Sometimes the memory seat’s reset function fails to kick in when you shut the door.

*Mileage: *3008

-Life with a McLaren GT: Month 2-

*We’ve caught the F1 bug and pitted our McLaren for fresh tyres - 23 March 2022*

If this truly is McLaren’s everyday supercar, it needs to work in all weathers. And while the standard Pirelli P Zero tyres are perfectly acceptable circles of rubber, in cold weather they can come unstuck. (Not quite literally: we’re not that brutal on the throttle.)

It’s the cold morning start when this was most noticeable. Pulling out of my house is a bit of an exercise in blind faith, as we’re on a corner, so sometimes I’ll edge into the road only to be greeted by a set of headlights bearing down on me.

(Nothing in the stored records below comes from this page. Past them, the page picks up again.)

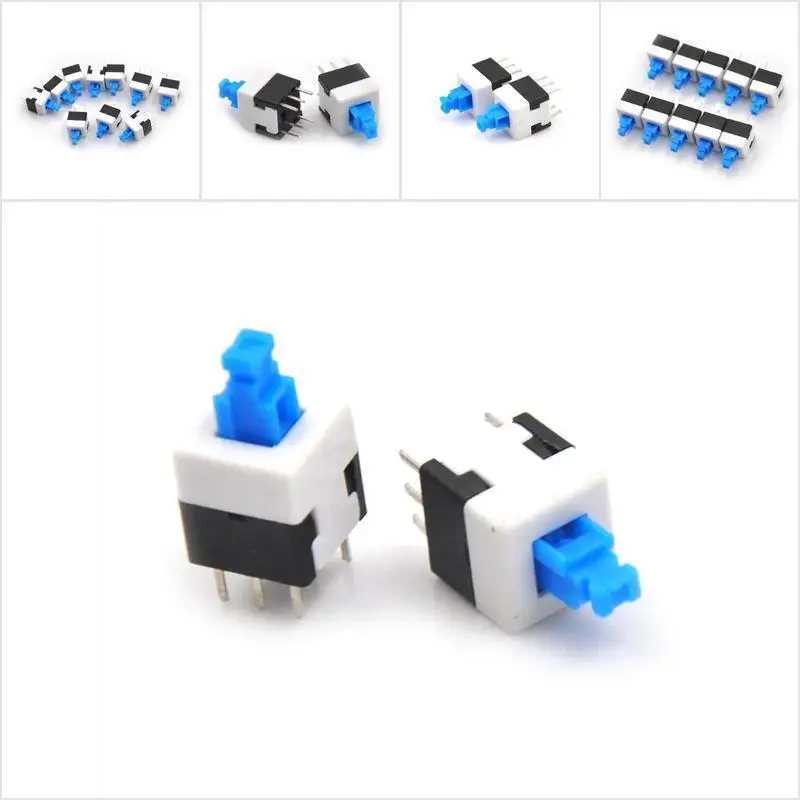 

10PCS HOT NEW Latching Switch Double Row Self-locking 6 Pin Button Switch 8 * 8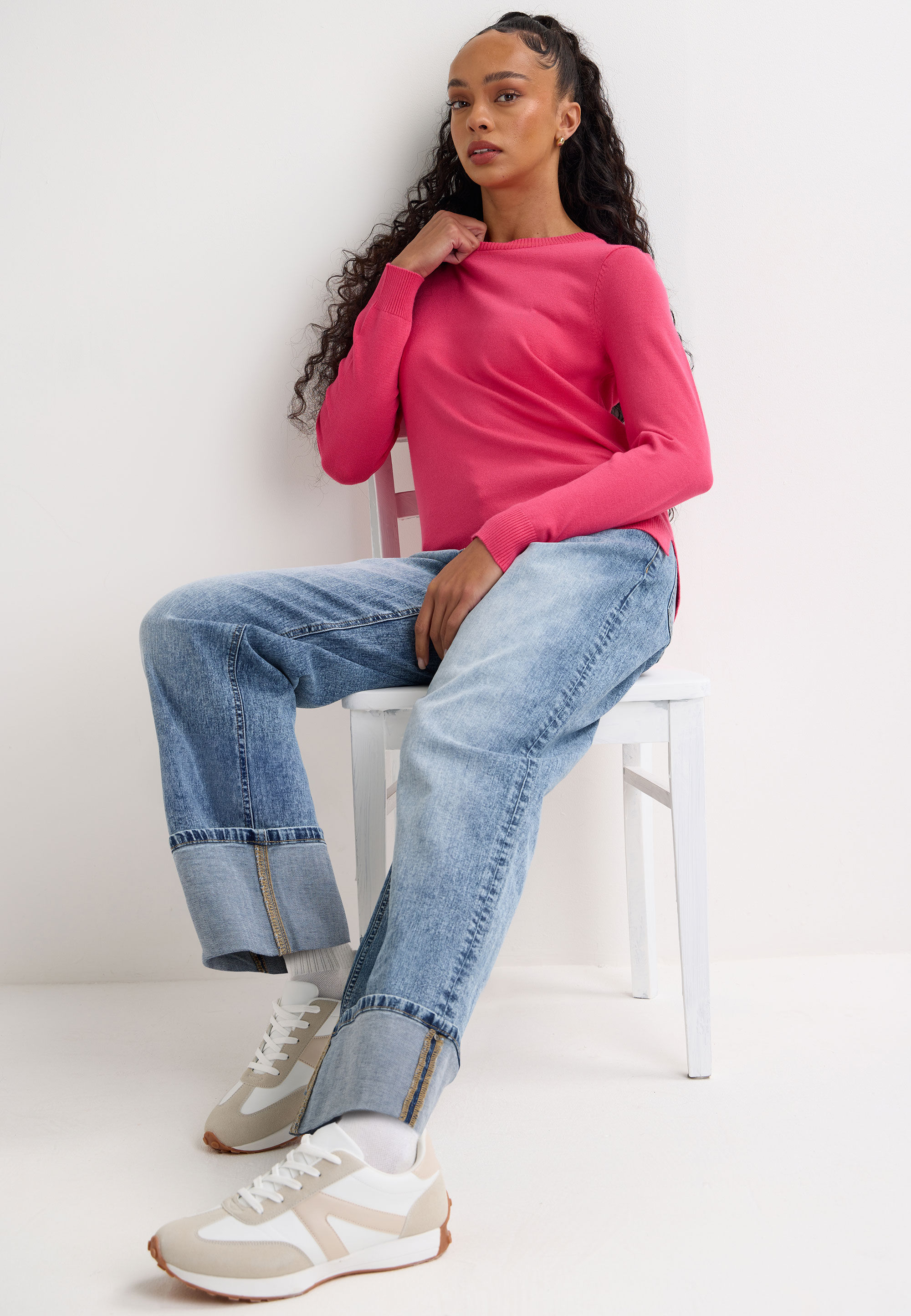 Womens Hot Pink Plain Crew Neck Jumper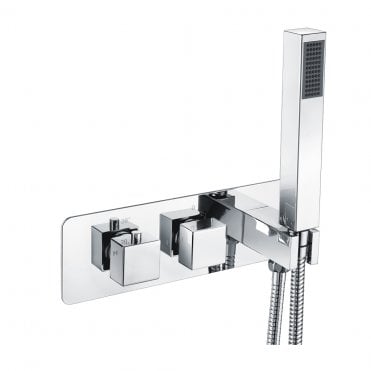 Square Horiz. Thermostatic shower valve inc kit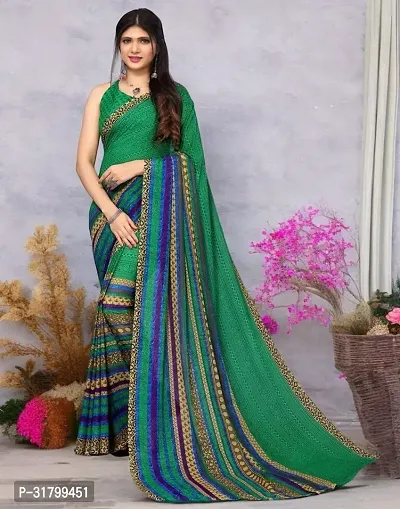 Beautiful Green Georgette Printed Saree with Blouse Piece For women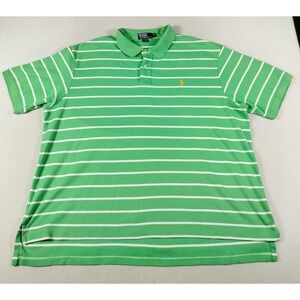 Vintage Polo By Ralph Lauren Polo Shirt Mens Big 2X Green Stripe Pony Preppy
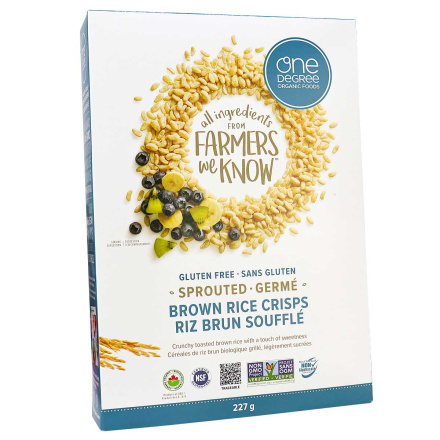 Front of One Degree Gluten-Free Organic Sprouted Brown Rice Crisps, 227g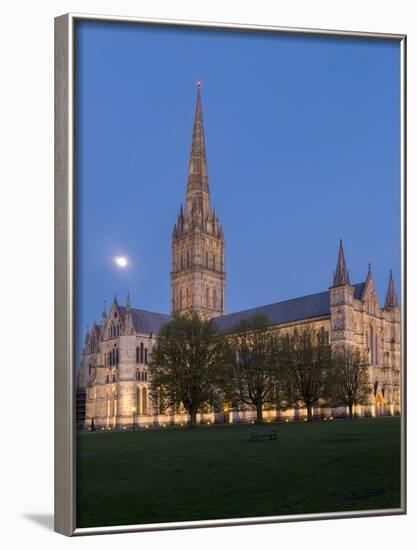 Salisbury Cathedral At Dusk With Moon-Charles Bowman-Framed Photographic Print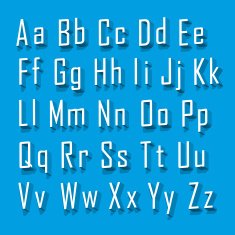Font 3d set letter N2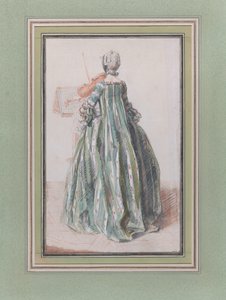 Frau, die Geige spielt, von hinten gesehen, ca. 1758-59 von Louis de Carmontelle
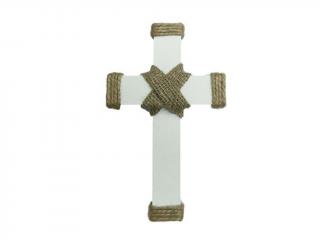 Kříž dřevěný bílý 22 x 13 cm s jutovou dekorací (Kříž dřevo juta 22x13 cm bílý)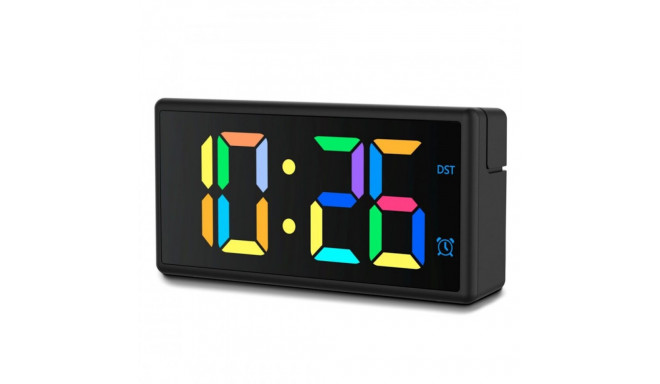 Hama Ibiza Digital Alarm Clock Multicolor Display USB Charging Black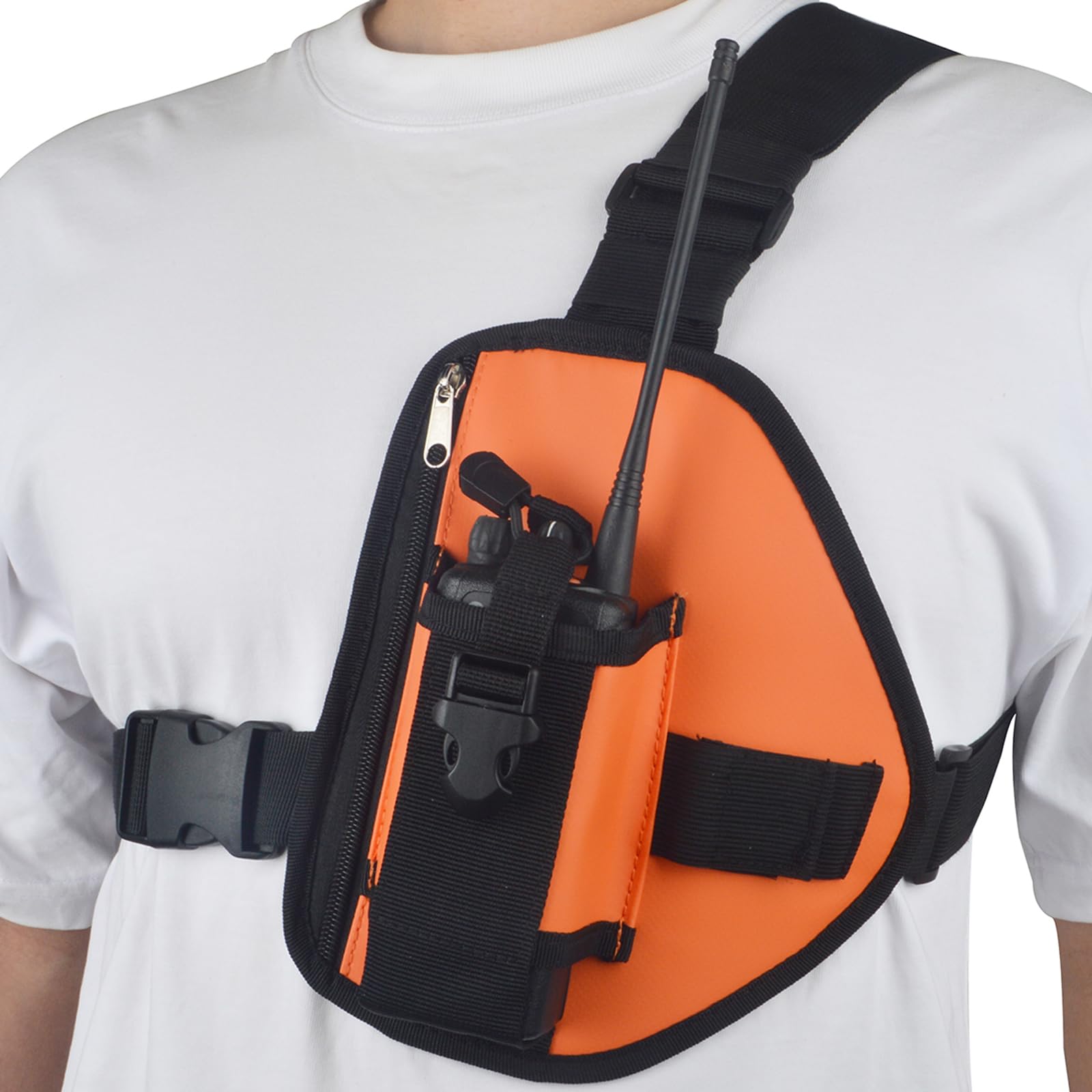 HYS Nylonowa uprząż na klatkę piersiową, regulowany pasek na ramię do wędrówek / użytku taktycznego, lekka torba crossbody z kieszeniami na zamek błyskawiczny, do dwukierunkowego radia Motorola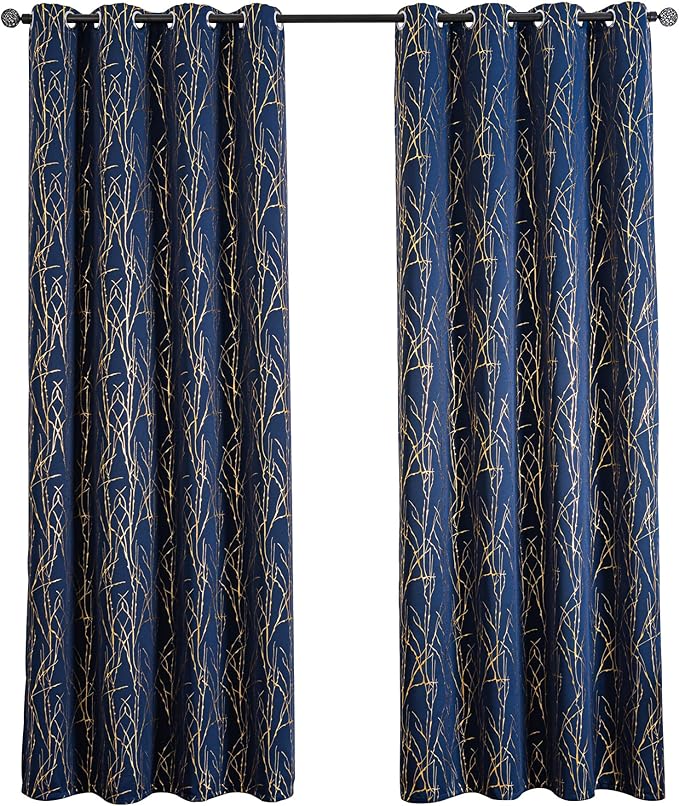 Grommets Blackout Long Window Curtains Navy Blue Gold-52W*108L 2PCS Drapes for Bedroom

At that point, a touch of panic sets in, I tend to jump on the throttle slightly more aggressively than is strictly necessary and things get a little squirmy. It’s an obvious and understandable consequence if the temperature is below 5deg C and there’s 612bhp sat under your right foot.

So we decided to try some winter rubber. Although we went to McLaren to get these fitted, we didn’t get any special treatment: the process is available to every McLaren owner at their local retailer. For £2556 (oof!), you can fit a set of Pirelli Sottozero tyres, which, like their summer brethren, are designed for the McLaren GT. They’re the same 225/35 R20 (front) and 295/30 R21 (rear) size, so it’s simply a question of wheels off, rubber switched, wheels back on.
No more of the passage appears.